After I was sufficiently cold, wet and had hurled enough curses at Indra the god of rain, it stopped raining. (Try saying, “Stop messing around with the ladies, don’t you have anything else to do?”) And a car appeared, giving me a sympathetic look. Thus, the conditions of making me miserable had been satisfied and I got a ride back to the town of Cotacachi by late afternoon. My next task was to find a place to sleep.
Guinea pigs reproduce rapidly and need a minimum of food and care to survive. They make for a high protein meal especially for populations living in high altitude. It’s quite popular food in most Andean regions. The indigenous cultures have always respected animals and nature and when they discovered this lake, they immediately thought that the guinea pig shaped islands are a message from the gods. During the second day of Inti Raymi (or Sun Festival) every summer solstice, indigenous shaman use lake Cuicocha as a bath for ritual cleansing and purification.

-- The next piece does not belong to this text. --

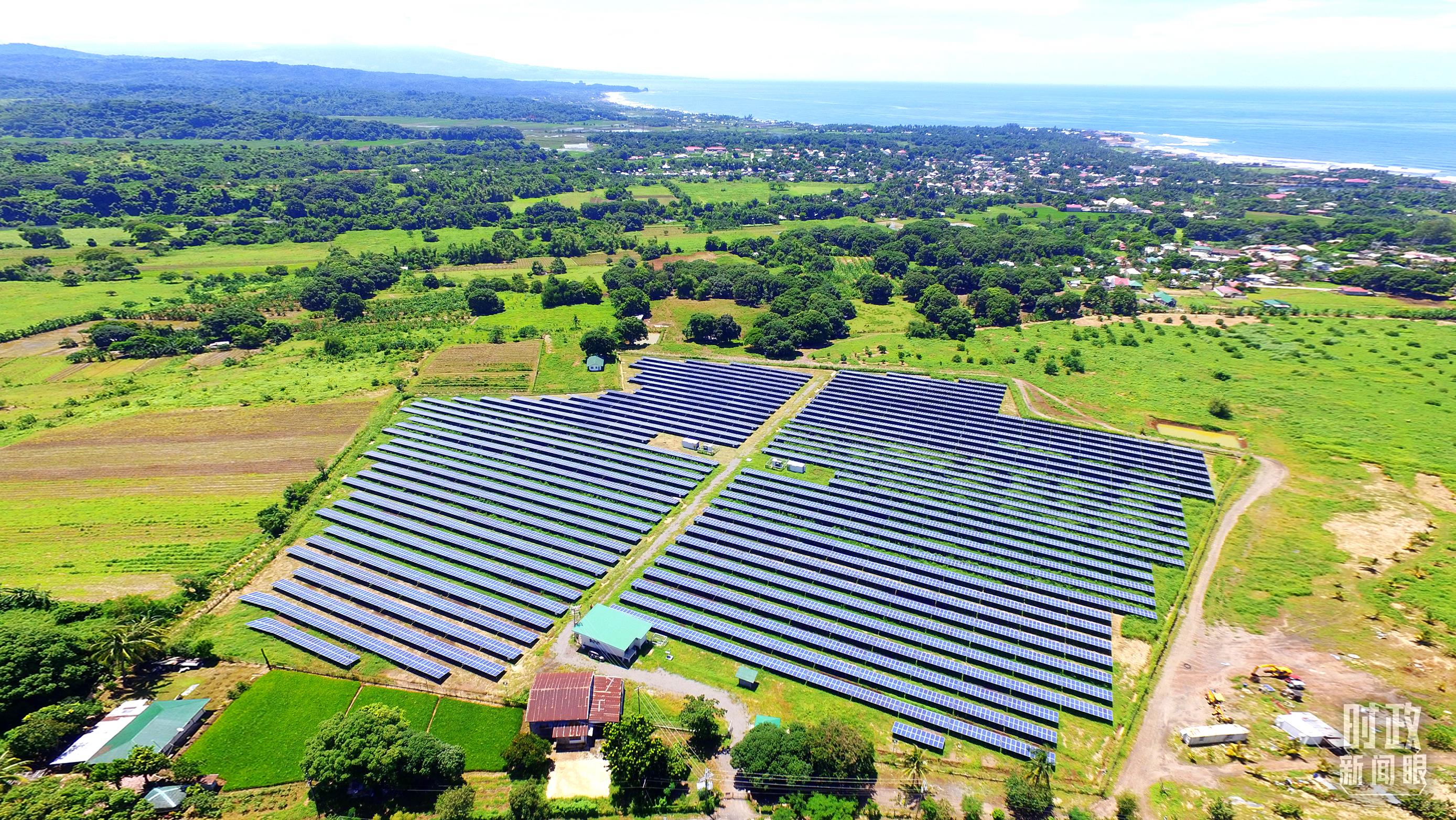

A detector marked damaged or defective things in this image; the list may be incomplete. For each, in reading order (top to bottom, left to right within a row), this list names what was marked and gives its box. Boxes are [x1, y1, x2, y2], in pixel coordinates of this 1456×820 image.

house with rusty metal roof [524, 670, 626, 746] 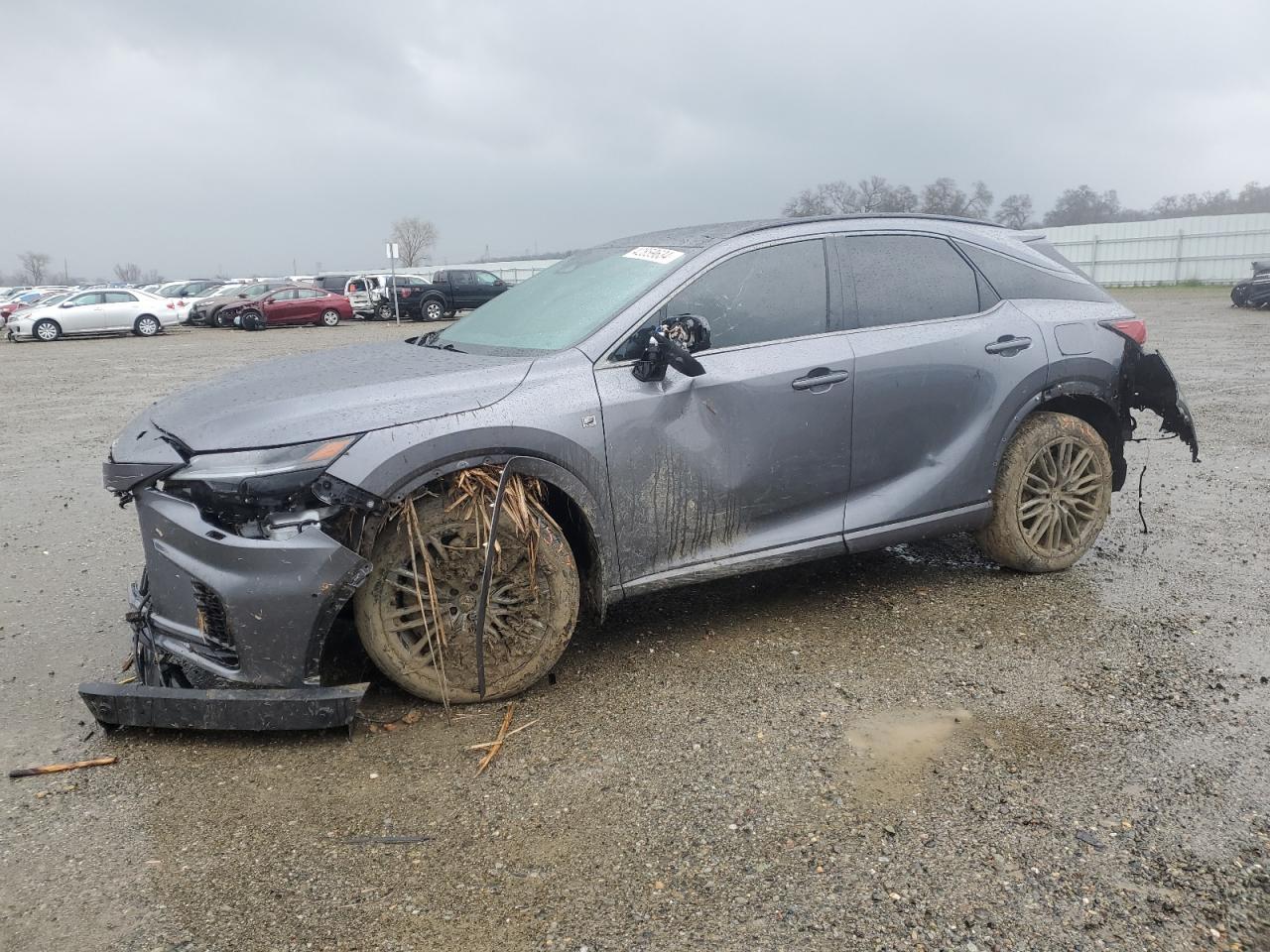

The Cuicocha lake is a caldera lake, i.e. a lake that was formed inside a dead volcanic crater that has collapsed. Ecuador has a lot of volcanic activity and I was excited to visit two other lakes such as this: Mojanda lakes and the Quilotoa loop lake.
↑ Circumnavigating the lake on a scenic trail on a not-so clear day.
Hitchhiking is like guaranteed fun and memorable experiences, isn’t it?